GROWING STRONG ˚‧。⋆🏵️⋆。‧˚ HOUSE TYRELL
"Highgarden is rightly hailed as the most beautiful castle in all the realm... Its great keep sits upon a broad verdant hill overlooking the Mander, ringed by three concentric walls of white stone, each one higher and thicker than the one below it. Between the outermost wall that girdles the foot of the hill and the middle wall above it can be found Highgarden’s famed briar maze, a vast and complicated labyrinth of thorns and hedges maintained for centuries for the pleasure and delight of the castle’s occupants and guests... and for defensive purposes. Within the castle walls, greenery abounds, and the keeps are surrounded by gardens, arbors, pools, fountains, courtyards, and man-made waterfalls... The keep is a palace like few others, filled with statues, colonnades, and fountains... Highgarden is filled with flowers, singers, pipers, fiddlers, and harpers. Highgarden’s tallest towers, round and slender, look down upon neighbors far more ancient, square and grim in appearance, the oldest of them dating from the Age of Heroes... The castle sept... is rivaled only by that of the Great Sept of Baelor... and the castle godswood contains three ancient weirwoods known as the Three Singers."

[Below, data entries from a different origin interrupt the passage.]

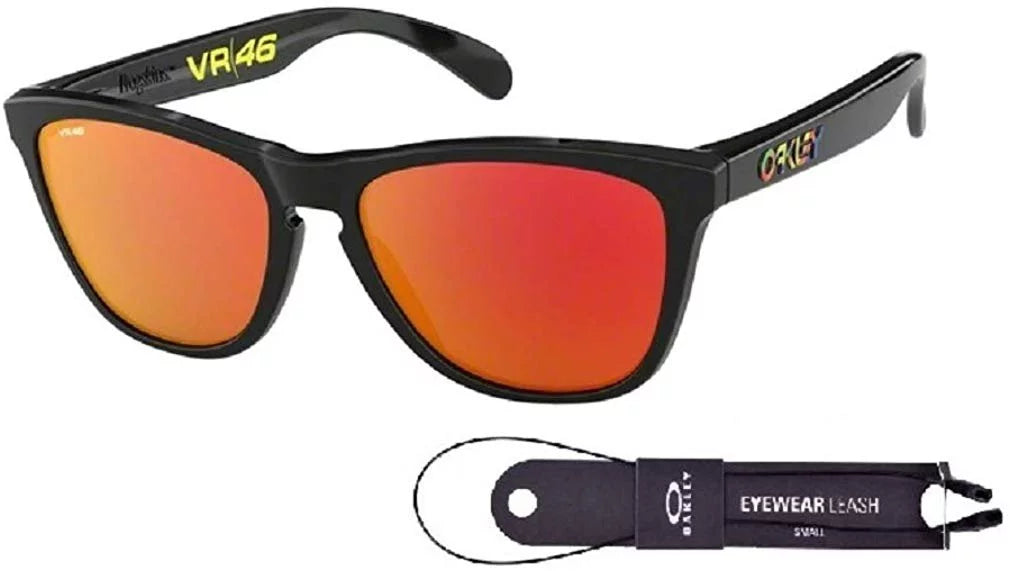 Polished Black Prizm Ruby Sunglasses W110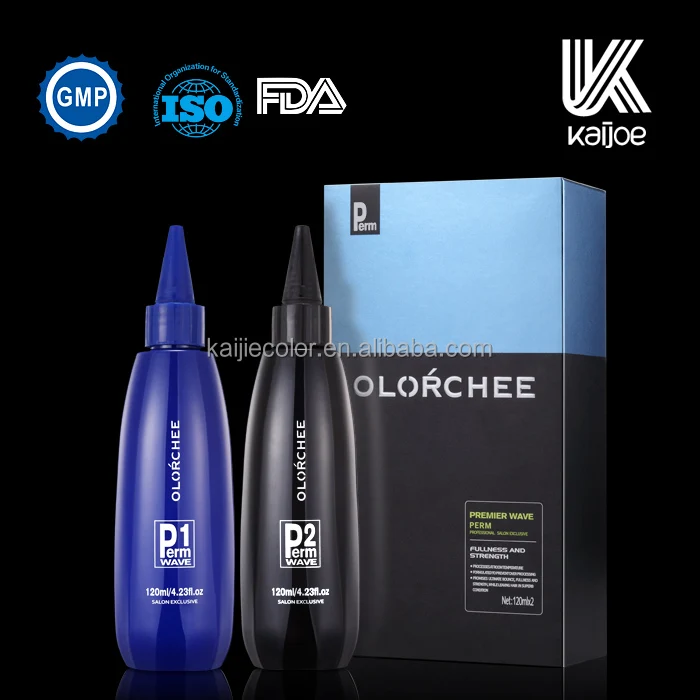 Olorchee парфюмерный лосьон для перманентной завивки волос поврежденных
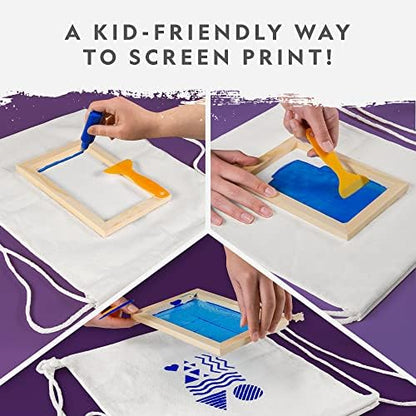National Geographic Screen Printing Arts and Crafts Kit for Kids - Image 2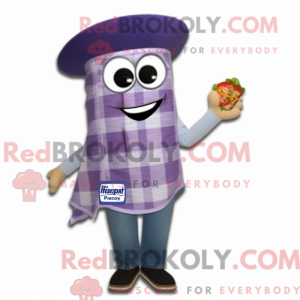 Lavender Enchiladas mascot...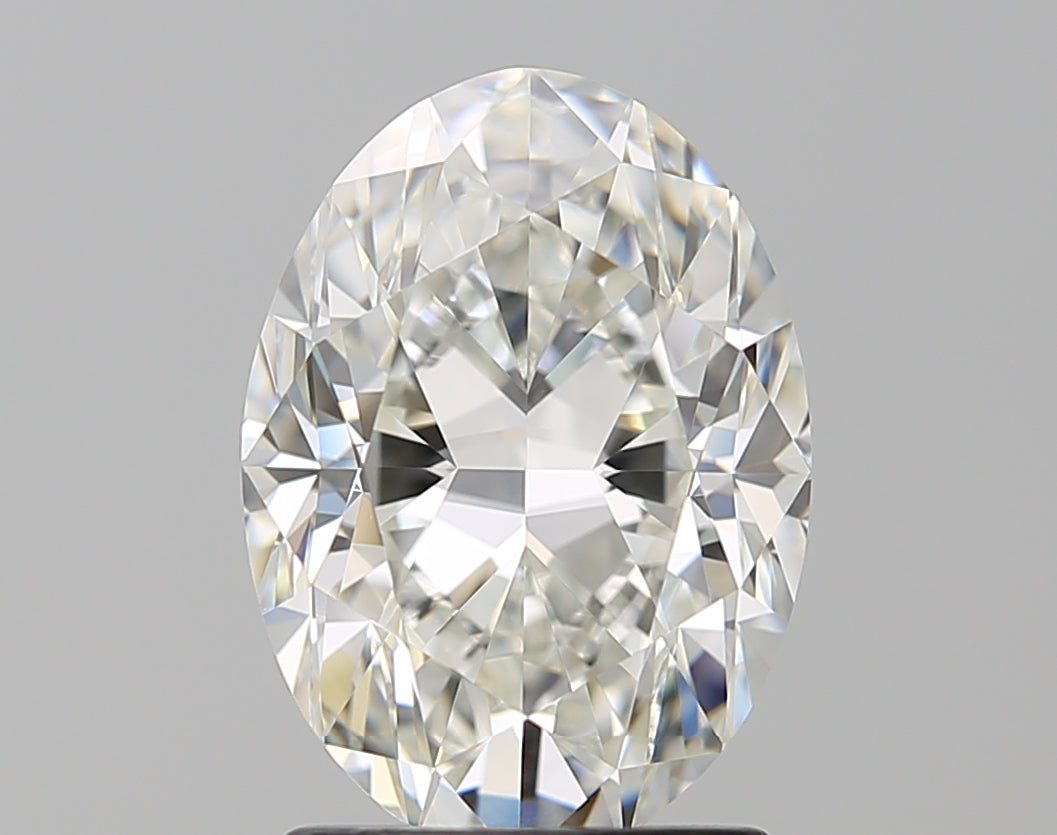 GIA 2.01 Carat Oval Natural Diamond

ALL IN OUR GRASP ˖°𓇼🌊⋆🦀.𓇼 HOUSE CELTIGAR
“Claw Isle was heavily garrisoned, its castle reputedly stuffed with Myrish carpets, Volantene glass, gold and silver plate, jeweled cups, magnificent hawks, an axe of Valyrian steel, a horn that could summon monsters from the deep, chests of rubies, and more wines than a man could drink in a hundred years.”